▶ Task instructions
Would you return the listing that follows exactly, leaving its pictures behind?

##########

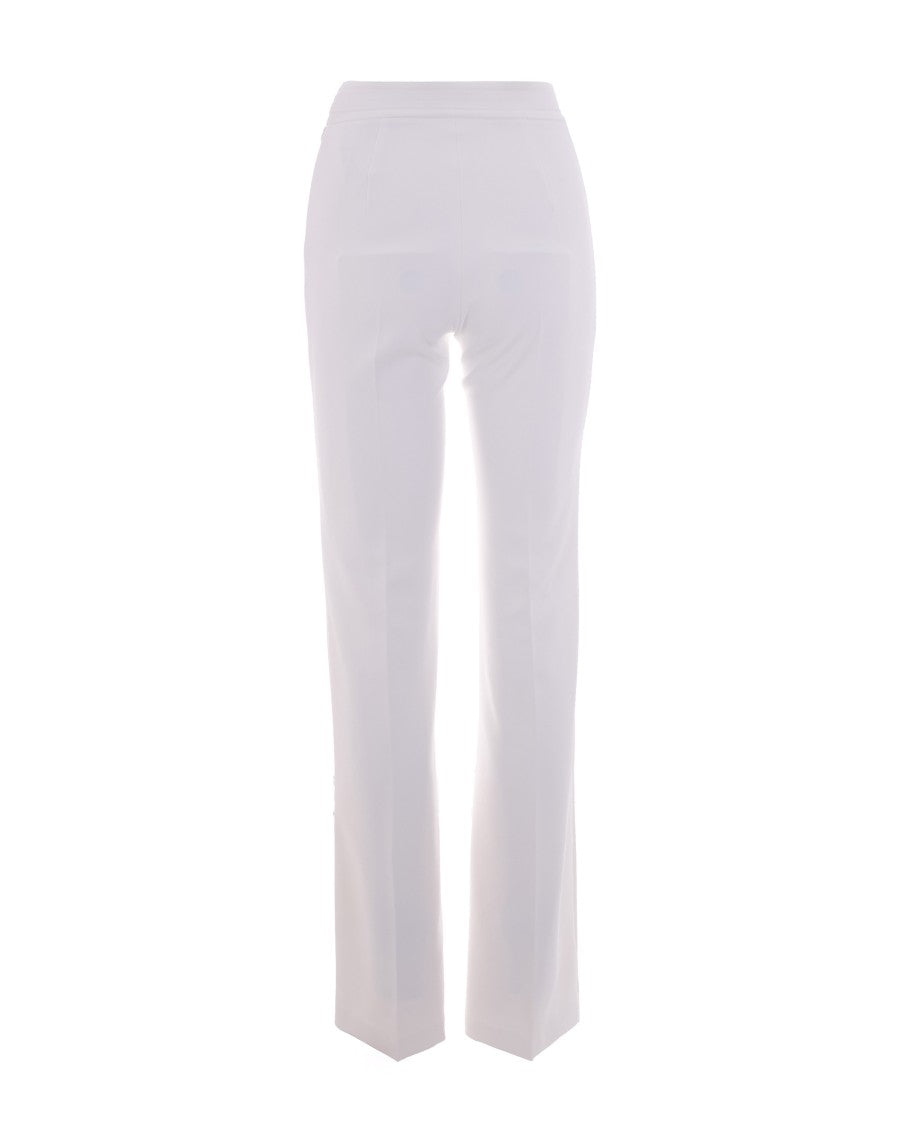 Elisabetta Franchi Double Crepe Stretch Trousers With Embroidered Logo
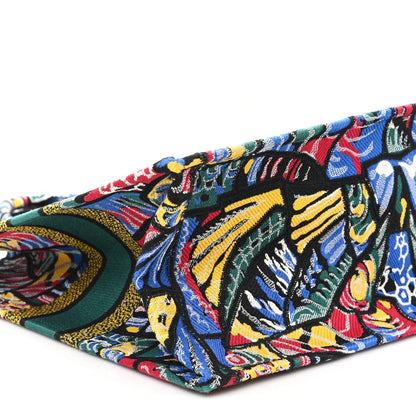 Canvas Embroidered Butterfly Book Tote Black Multicolor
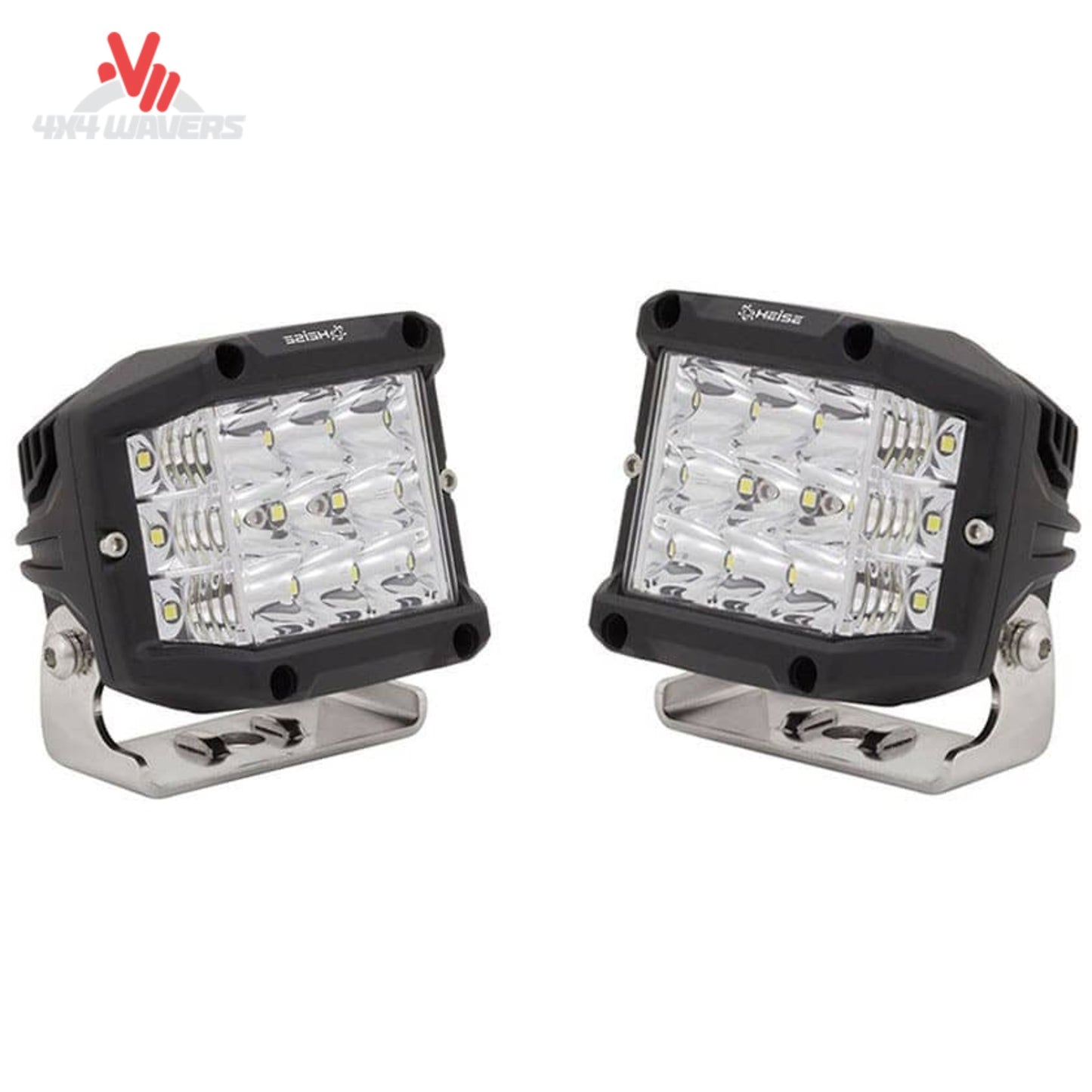 What do the Heise 140-degree cube LED lights look like before installation?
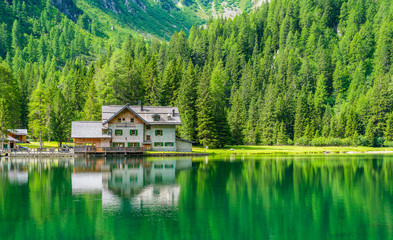 Fototapeta na wymiar Idyllic landscape at Lake Nambino, near Madonna di Campiglio. Province of Trento, Trentino Alto Adige, northern Italy.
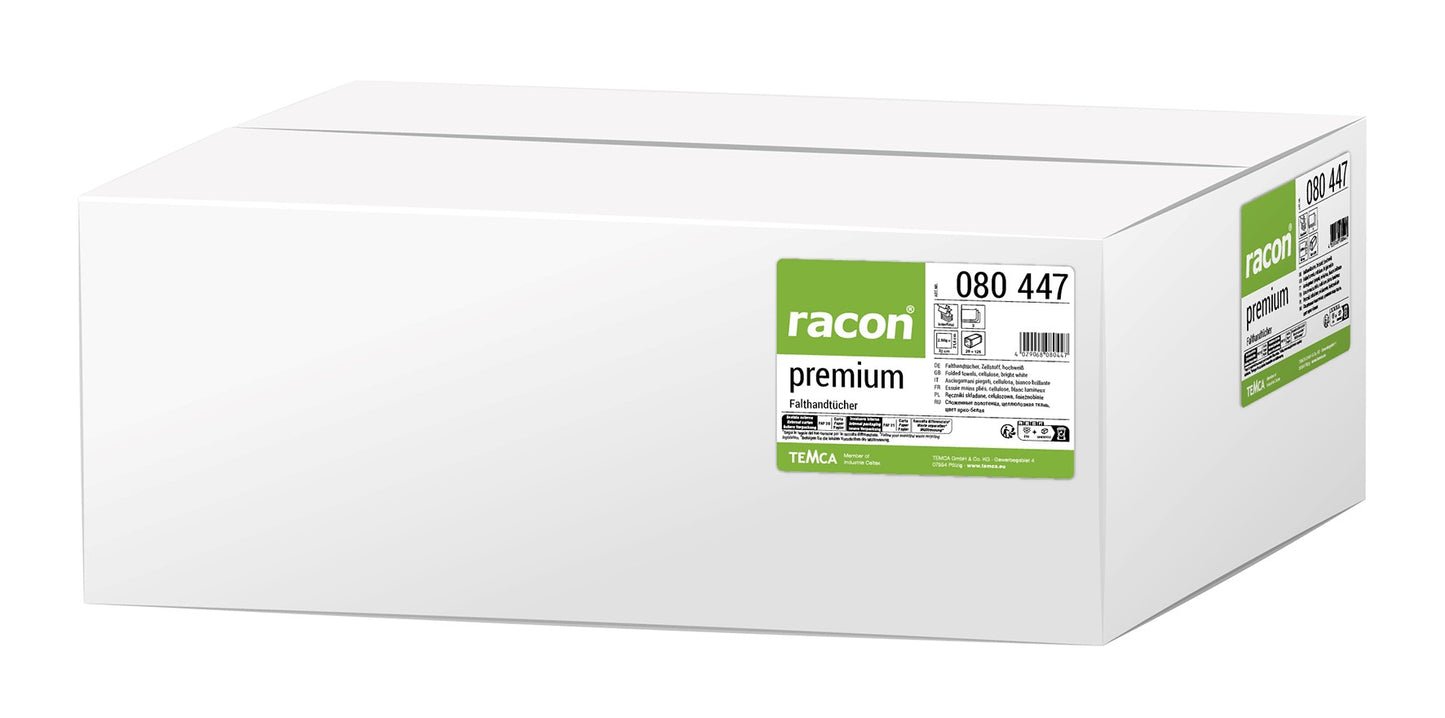 TEMCA RACON Papierhandtücher premium Interfold 080447, 3 lagig, 21,6 x 32cm, hochweiß 2500 Blatt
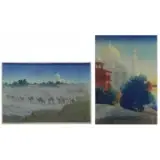 Charles. Two Bartlett, Taj Mahal From the Dessert, Taj Mahal Woodblock Prints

##########

▶ Answer section
 Elisabetta Franchi Double Crepe Stretch Trousers With Embroidered Logo
 Canvas Embroidered Butterfly Book Tote Black Multicolor
 What do the Heise 140-degree cube LED lights look like before installation?
 Fototapeta na wymiar Idyllic landscape at Lake Nambino, near Madonna di Campiglio. Province of Trento, Trentino Alto Adige, northern Italy.
 TEMCA RACON Papierhandtücher premium Interfold 080447, 3 lagig, 21,6 x 32cm, hochweiß 2500 Blatt
 Charles. Two Bartlett, Taj Mahal From the Dessert, Taj Mahal Woodblock Prints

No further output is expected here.